We can now re-run the conversion code, this time specifying add_custom_layers=True and passing in a custom_conversion_functions dictionary pointing to the function we defined above.

mlmodel = coremltools.converters.keras.convert(
                model,
                input_names="word_embeddings",
                output_names="emoji_label_probabilities",
                class_labels="./data/filtering/wanted_emojis.csv",
                add_custom_layers=True,
                custom_conversion_functions={"AttentionWeightedAverage": convert_ATTN}
            )

mlmodel.save("DeepMojiModel.mlmodel")

🎉 The conversion now completes successfully! To make our model nicer to work with, we can optionally update its metadata to include more descriptive layer names.

Back to Xcode-land

Let’s drag this Core ML spec over into a new iOS project in Xcode and it should look like the following.

💡 Once imported into Xcode, we see extra inputs and outputs in addition to just word_embeddings and emoji_label_probabilities. These are optional, and correspond to the hidden and cell states carried across layers of the recurrent neural network. For more information, see Making Predictions with a Sequence of Inputs | Apple Developer Documentation.

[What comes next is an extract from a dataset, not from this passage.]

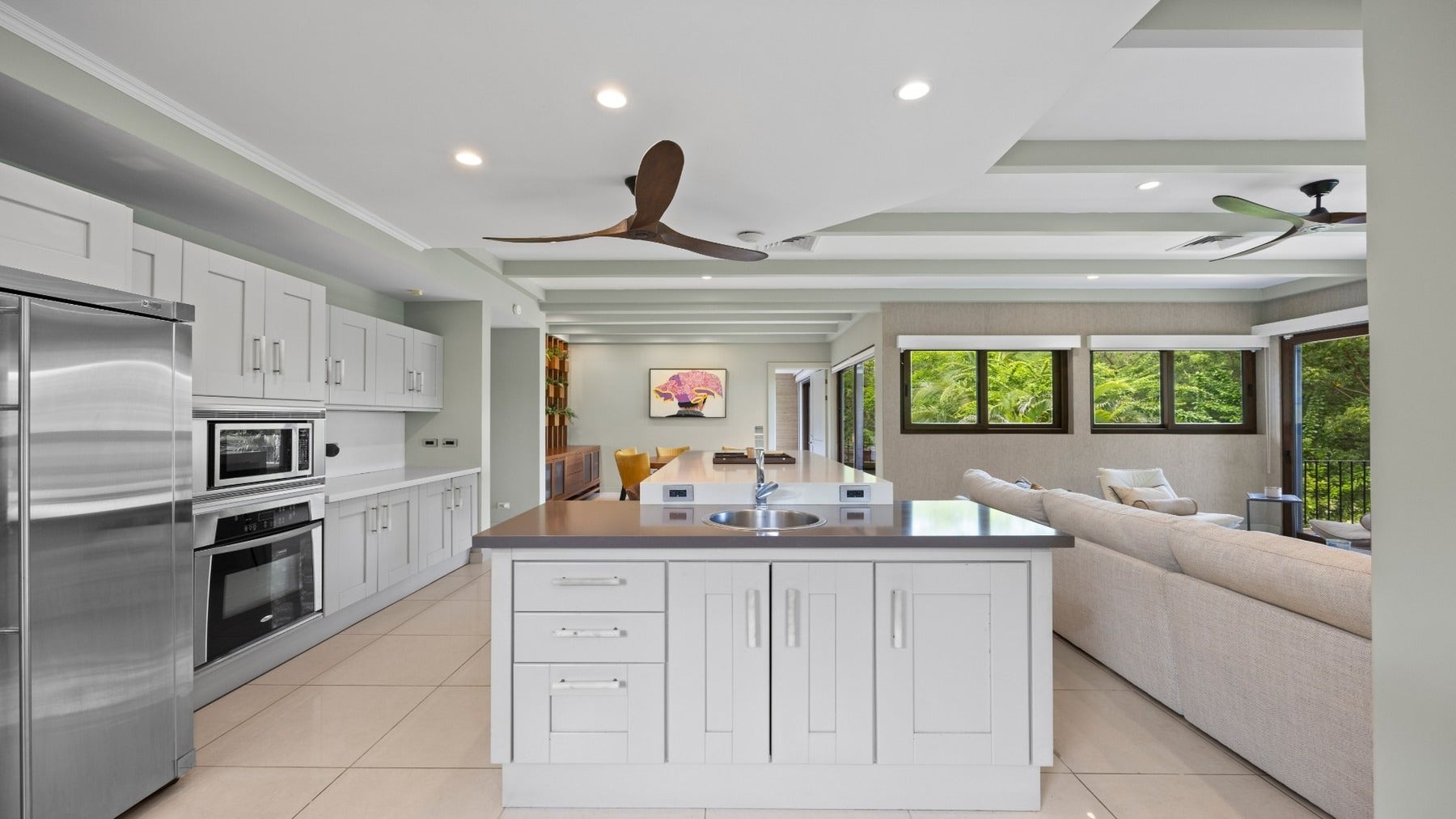 Renovated Luxury Villa — photo 16 of 19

This concludes part 1 of this series. Part 2 is coming soon, which will cover implementing the custom layer AttentionWeightedLayer as a Swift MLCustomLayer subclass as well as the fun part: running inferences directly against user-provided text within an app! 📱

Stay tuned! 👍

⚠️ UPDATE as of coremltools version 3.3:

The input layer to our network (word_embeddings) loses its shape after passing through the Keras -> Core ML converter. We would expect its type to show as MultiArray (Float32 1 x 30) instead of MultiArray (Float32 1) so that we can pass in up to 30 words at once, instead of one word at a time.

This appears to be a bug in coremltools, and an issue has been filed on GitHub.